‘Just Pathetic’: Rubio Thinks He’s Cracking a Harmless Joke, Goes One Step Too Far, Reveals the Degrading Thing He Does Around Trump — and Viewers Can’t Look Away
Secretary of State Marco Rubio appeared to think he was sharing a throwaway moment from life aboard Air Force One with President Donald Trump. What emerged was something closer to an accidental confession, exposing the quiet discomfort of a senior official constantly managing how he’s perceived.
In an interview with New York Magazine, Rubio described the peculiar tension of long overseas flights with his 79-year-old boss, where the usual stressors of travel barely register. The problem wasn’t turbulence or jet lag — it was the unspoken expectation that no one around Trump should ever appear tired, idle, or anything resembling “weak.”

Rubio admitted he needs rest on long international flights, which is not exactly a scandal. He’s juggling an unusually bloated portfolio: Secretary of State, acting national security adviser, acting national archivist, and the point man for Venezuela’s post–Nicolás Maduro transition. But on Air Force One, needing sleep is apparently a character flaw.
“There’s an office with two couches, and I usually want to sleep on one of those two couches,” Rubio said. “But what I do is I cocoon myself in a blanket. I cover my head. I look like a mummy.”
According to Washington correspondent Ben Terris, Rubio physically demonstrated the move, “mimed pulling a blanket over his body as if he were auditioning for a Snuggie commercial.”
The reason for it all is Trump himself.
“And I do that because I know that at some point on the flight, he’s going to emerge from the cabin and start prowling the hallways to see who is awake,” Rubio explained. “I want him to think it’s a staffer who fell asleep. I don’t want him to see his secretary of State sleeping on a couch and think, Oh, this guy is weak.”
That’s the joke Rubio tried to tell. The punchline, though, landed with a thud as the most powerful diplomat in the country had admitted to hiding under a blanket so his boss didn’t judge him for needing a nap. To critics, that alone was absurd.
“He’s even more pathetic than I originally thought,” another said.
Another voice couldn’t believe what they just read, “Lots of comments comparing this story to @theonion. If it was from The Onion it’d be funny. Instead it’s just weird and pathetic. (Much like Rubio.)

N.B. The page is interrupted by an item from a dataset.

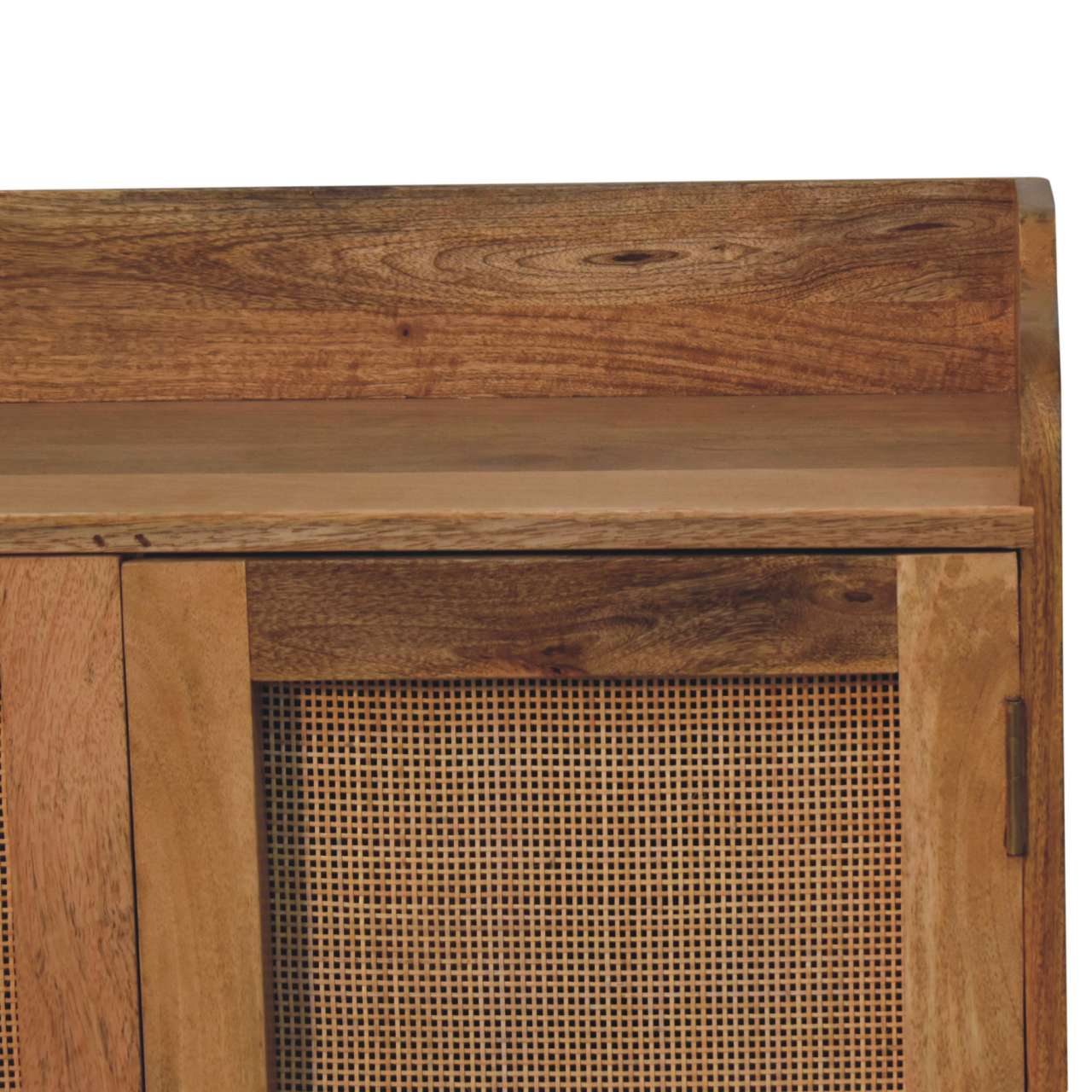 Solid Wood Larissa T-Bar Raised Cabinet, 2 Shelves, Light Brown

“This is a grown man, hiding like a child. The US Secretary of State,” wrote another with a shaking head emoji.
But Rubio also casually confirmed what many aides and allies have been saying for years: Trump doesn’t sleep on these trips, and he doesn’t want anyone else to, either.
Others have framed the behavior as Trump’s superpower. Director of National Intelligence Tulsi Gabbard called Trump “absolutely tireless” in an October interview with Fox News. “I know somebody made a comment on the plane, you know, [that] he goes on these long trips, these long plane rides, doesn’t sleep, he’s working throughout those flights, hits the ground running and gets directly to business,” she said.

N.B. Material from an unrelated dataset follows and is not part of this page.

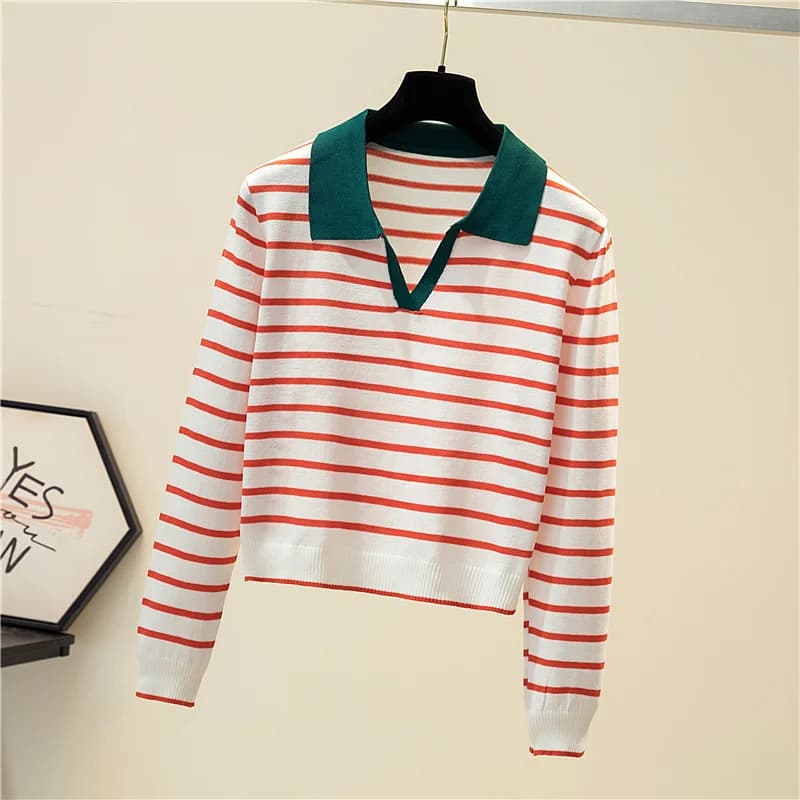 Jersey Mujer 2025 New Striped Sweater Women Long Sleeve Casual Retro Clothes Autumn Sweaters Female Knitted Pullovers Clothing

CNN chief White House correspondent Kaitlan Collins said she’s heard the same thing.
“I had this source who said you never want to be on Air Force One on a trip,” Collins previously told podcaster Jason Tartick. “He doesn’t sleep on these trips. And like, you’re going to Asia or something, and that’s kind of the only time you’re going to sleep before you go on this trip, but Trump is just always up and talking, and he’ll like have them go and wake staff up if they’re asleep because he wants to talk to them.”
That behavior might help explain why Trump has been seen drifting off during meetings and public events. When asked about those moments, Rubio waved it off. “It’s a listening mechanism,” he told New York Magazine.
That explanation did not exactly reassure critics.
“Sleep disturbances are common in the elderly,” one critic wrote on X. “Also, people with Alzheimer’s have abnormal sleep patterns. I wish people would stop treating his lack of sleep as a sign of virility. It is not. It is also likely why he is so somnolent during the day.”
“Why is it a sign of strength that Trump never sleeps?” one asked. “It’s actually really, really bad. It leads to early death. Sleep is one of the most important things you can do to have good health.”
Sleep deprivation — whether short-term or chronic — can seriously affect cognitive and physical health, according to the Cleveland Clinic. Adults are generally advised to get seven to nine hours a night. Chronic sleep loss has been linked to heart disease, impaired judgment, memory problems, and early mortality. Experts estimate that between 50 million and 70 million adults in the U.S. meet the medical criteria for sleep deprivation at any given time.
During Trump’s first term, then–White House physician Ronny Jackson estimated that Trump slept at most four or five hours a night. Now, at 79, that pattern is being treated by allies as proof of toughness rather than alarm.
Rubio’s episode inadvertently showed sleeplessness is a loyalty test in Trump’s White House.
Rubio is expected to face lawmakers this week to discuss Venezuela’s future and his unprecedented accumulation of power inside the administration. He’ll arrive armed with a three-phase plan and plenty of confidence.
Whether he shows up after good night’s sleep is another question entirely.